They’re just posturing or joking or have been misinterpreted, we’re told. Israel and the West can live with a nuclear Iran, foreign policy intellectuals in New York, London and Berlin proclaim.

Other nations have nukes, of course, and it might be wondered why we should be especially concerned that Iran has them.
The answer is that no other nation supports terrorism around the globe to the extent that Iran does. No other nation is led by people who believe that they can effect the return of their messiah by launching a nuclear holocaust, and no other nation has sworn to wipe another nation off the map as soon as they have the capability to do it. Iran has done all three.

Weinstein quotes the widow of a physicist who had been working on Iran's nuclear weapons until he was killed in Tehran by unknown assassins:
Mostafa’s ultimate goal was the annihilation of Israel,” Fatemeh Bolouri Kashani told the Fars News Agency this week.
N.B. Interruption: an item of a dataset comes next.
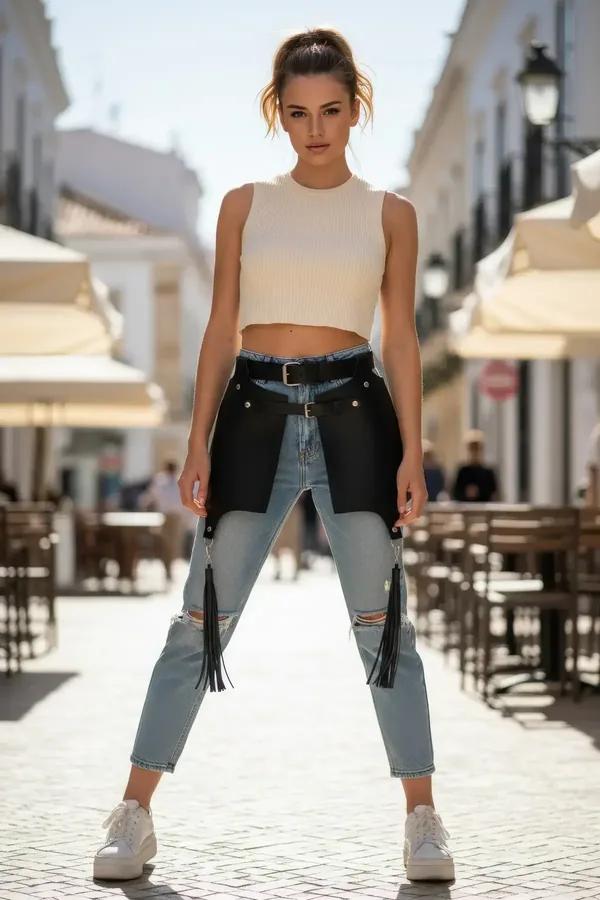 Faux Leather Waspie Corset Belt with Tassel Details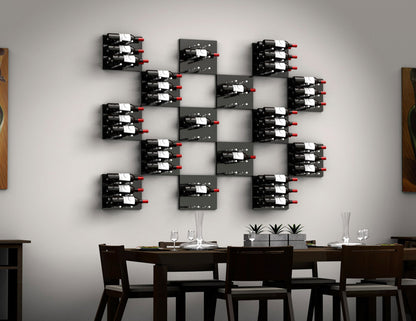 Ultra Fusion Panel Wine Rack— Black Acrylic (3 to 9 Bottles)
She was referring to the wishes of her late husband, Mostafa Ahmadi Roshan Behdast, an Iranian nuclear scientist assassinated on the streets of Tehran in January.
Maybe Mostafa was just joking, although it must be said that Muslims aren't particular noted for their wonderful sense of humor.

Recently we wrote about the statement by a top Iranian official who declared that Iran must launch a preemptive strike against Israel, a declaration that all but forces Israel to attack first to avoid being preemptively obliterated.

Weinstein closes with this:
But while Western policy elites exude confidence in the rationality of the Iranian regime, we see from Kashani’s comment about her late husband that those intimately involved in making a nuclear Iran a reality believe it is their mission — likely the very reason they got involved in the nuclear project to begin with — to eliminate the Jewish state. And we aren’t talking about some uneducated bumpkin. This was a highly-educated nuclear scientist.
Machiavelli wrote that when war can not be avoided it can only be postponed to the advantage of the other side. It seems that war is coming once again to Israel one way or another, and the longer it is deferred the harder it will be for Israel to prevail and certainly the higher the cost they will pay. War with Iran will be a horrific thing, as we've said on numerous occasions on this site, but a nuclear weapon in the hands of Iran would be even worse despite whatever the naifs among our elites tell us.

Perhaps the biggest question for American citizens is, what will the United States do if Israel decides it doesn't want to wait until it's too late to find out whether the Iranians are just joshing about reducing them and their children to ashes?